* **How to complete this task**: Your answer must be the lines from the one containing "Original Artwork, Oil" through the last line below, copied exactly, with no pictures.

### Records to process

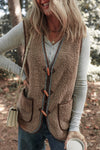 Cozy Women's Dark Khaki Sherpa Vest with Contrast Trim and Patch Pockets - Perfect Layering Essential for Fall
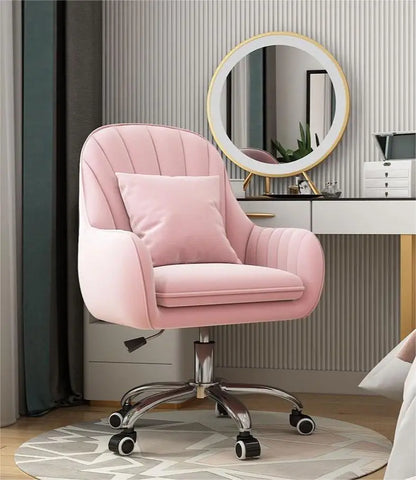 Home Office Chair Computer Chair with Mid-Back Upholstered Modern Tufted Task Chair Swivel Height Adjustable Velvet Chair.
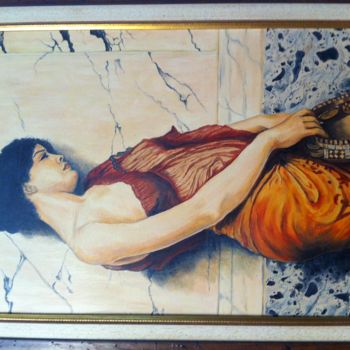 Painting titled "the tambourine girl" by S.Stathi, Original Artwork, Oil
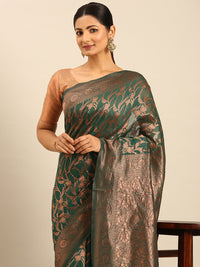 Thumbnail for Women Green Cotton Saree With Un Stitched Blouse - Aanika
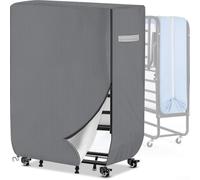 Funda de almacenamiento plegable para cama individual, impermeable, con cremallera y cordón, tela Oxford, protección a prueba de polvo, 99 x 38 x 114 cm (gris 210D)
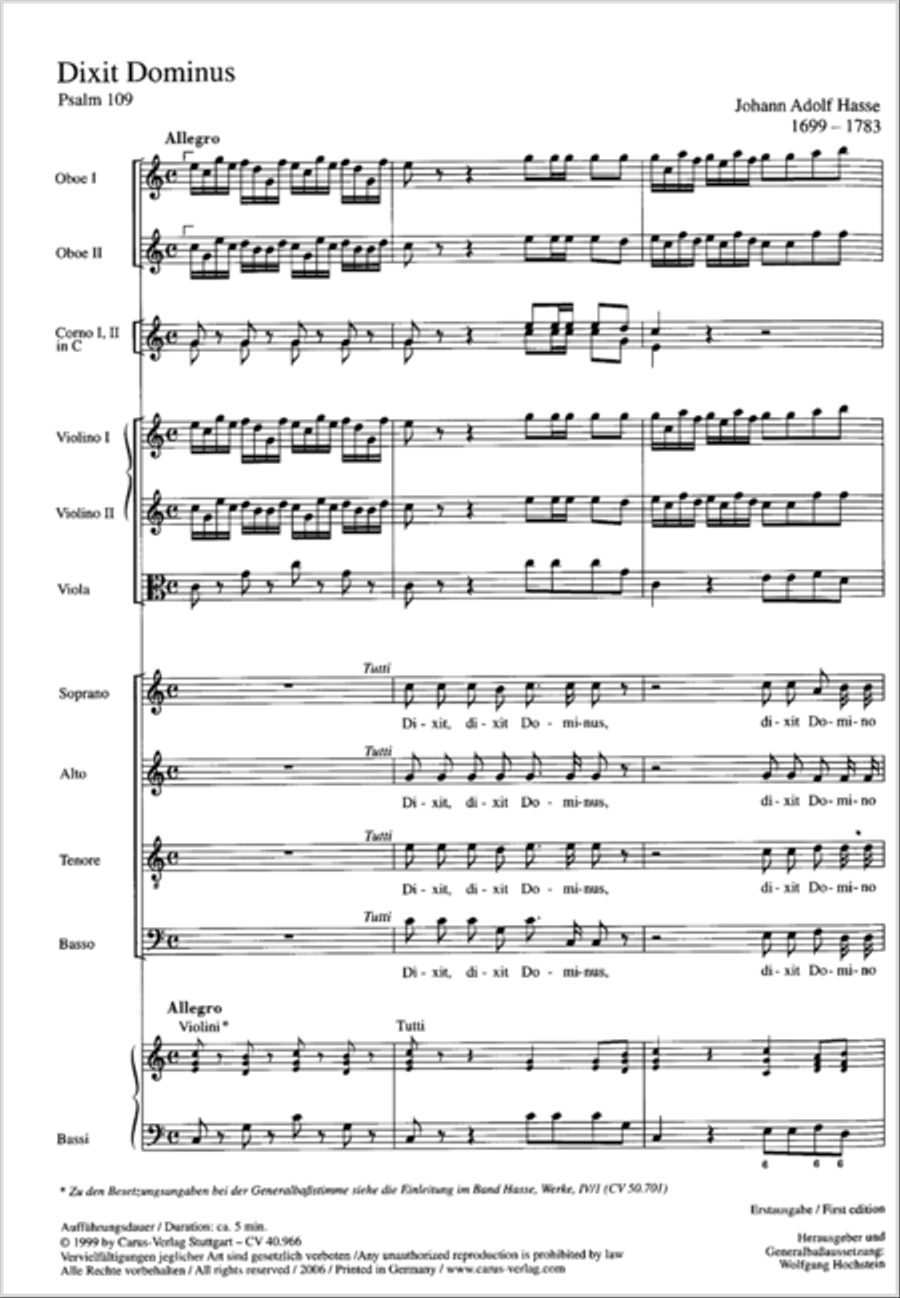 Dixit Dominus (The Lord said unto my Lord) 4-Part scores gallery preview page 2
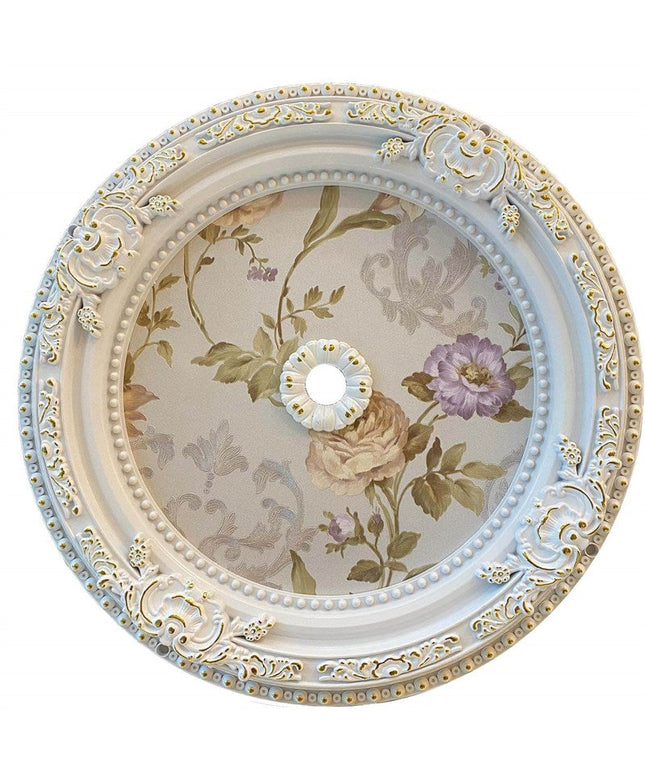 PALACE CEILING ROSE - POLYSTYRENE - DO60-BA- CIRCULAR WHITE GOLD 60cm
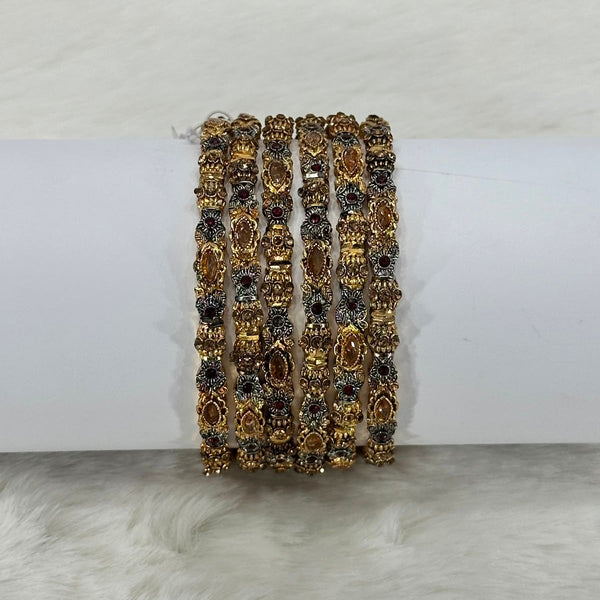 NooreZewar Antique Gold Plated Vintage Bangles Set for Women | Elegant Bridal, Wedding & Party Wear Choori Set (Set of 6)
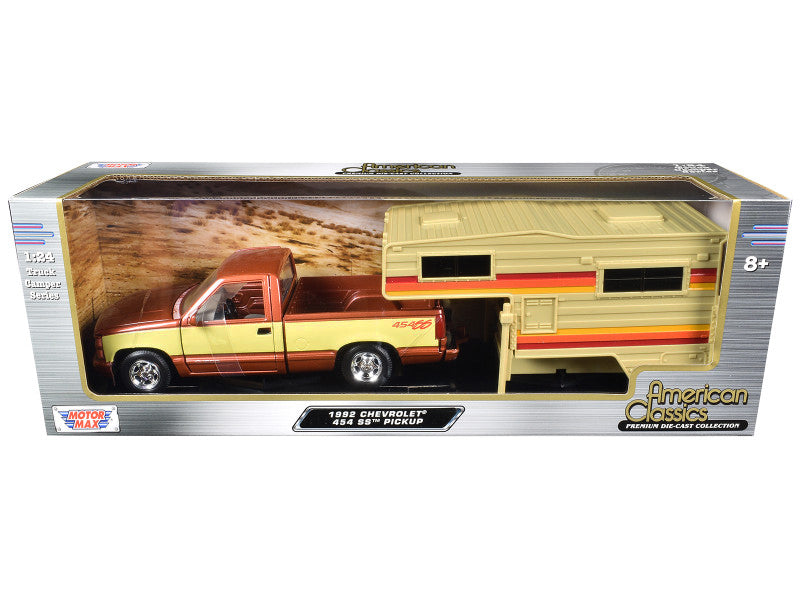 Rapid Vehicles 1992 Chevrolet 454 SS Pickup Truck Copper Metallic with Beige Sides with Camper...
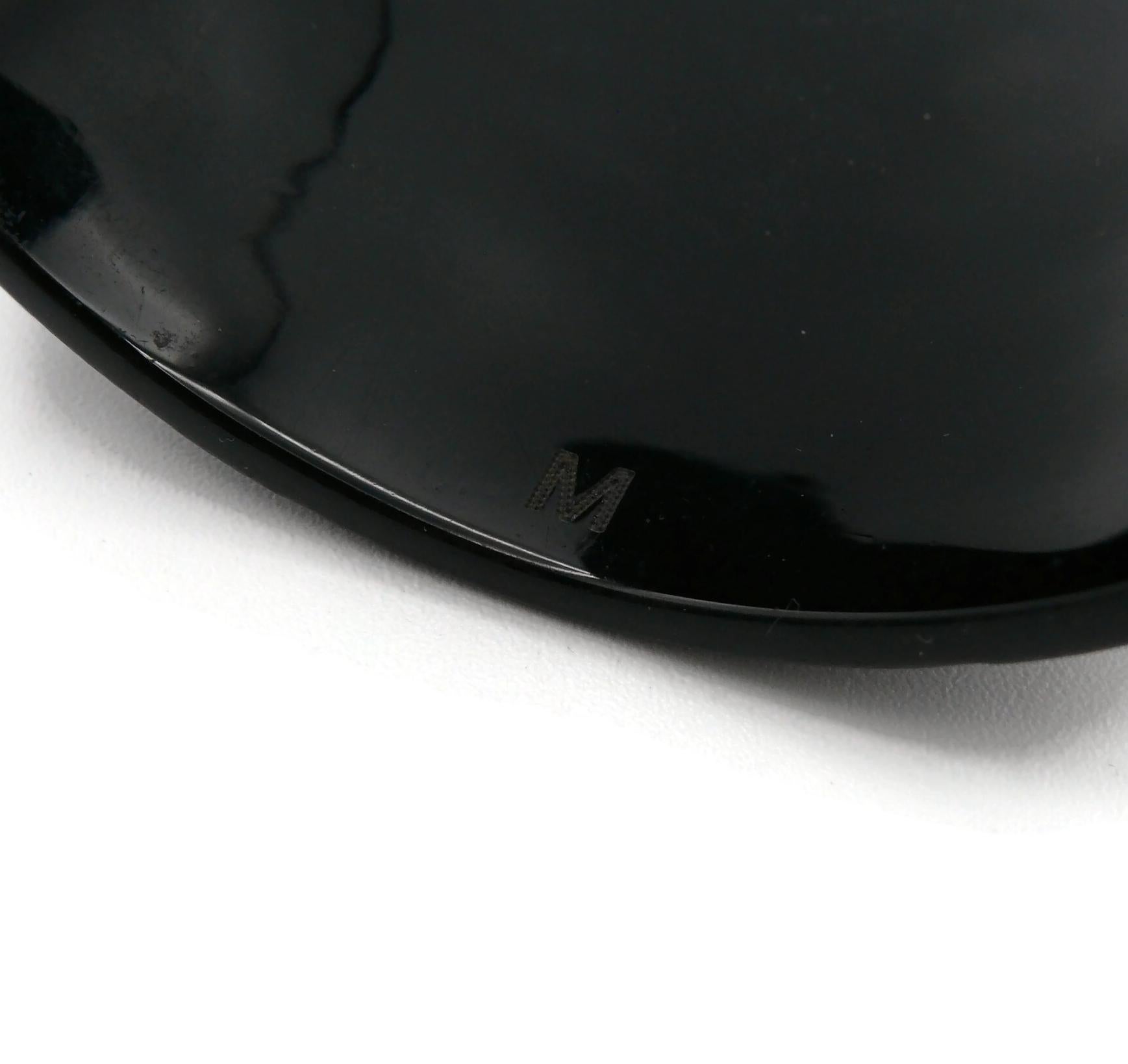 YVES SAINT LAURENT YSL Black Resin Logo Cuff Bracelet For Sale 3
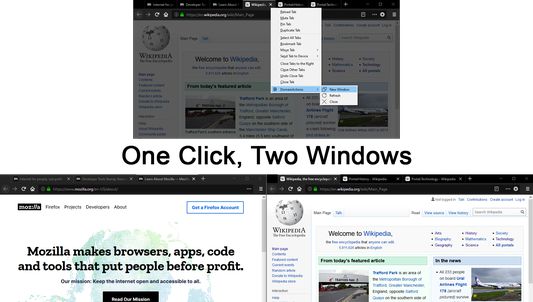Use New Window to split your tabs by domain.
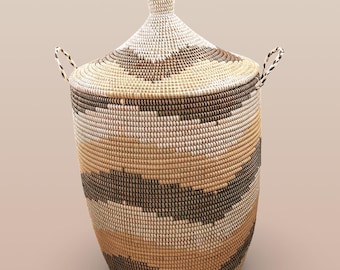Cesta africana tejida con tapa, cesta/cesto de ropa sucia de Senegal, cesta alta de almacenamiento, cesta de mimbre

######

* **Solution to this task**:
 Painting titled "the tambourine girl" by S.Stathi, Original Artwork, Oil
 Thumbnail for Women Green Cotton Saree With Un Stitched Blouse - Aanika
 Funda de almacenamiento plegable para cama individual, impermeable, con cremallera y cordón, tela Oxford, protección a prueba de polvo, 99 x 38 x 114 cm (gris 210D)
 Dixit Dominus (The Lord said unto my Lord) 4-Part scores gallery preview page 2
 PALACE CEILING ROSE - POLYSTYRENE - DO60-BA- CIRCULAR WHITE GOLD 60cm
 NooreZewar Antique Gold Plated Vintage Bangles Set for Women | Elegant Bridal, Wedding & Party Wear Choori Set (Set of 6)
 Rapid Vehicles 1992 Chevrolet 454 SS Pickup Truck Copper Metallic with Beige Sides with Camper...
 YVES SAINT LAURENT YSL Black Resin Logo Cuff Bracelet For Sale 3
Use New Window to split your tabs by domain.
Cesta africana tejida con tapa, cesta/cesto de ropa sucia de Senegal, cesta alta de almacenamiento, cesta de mimbre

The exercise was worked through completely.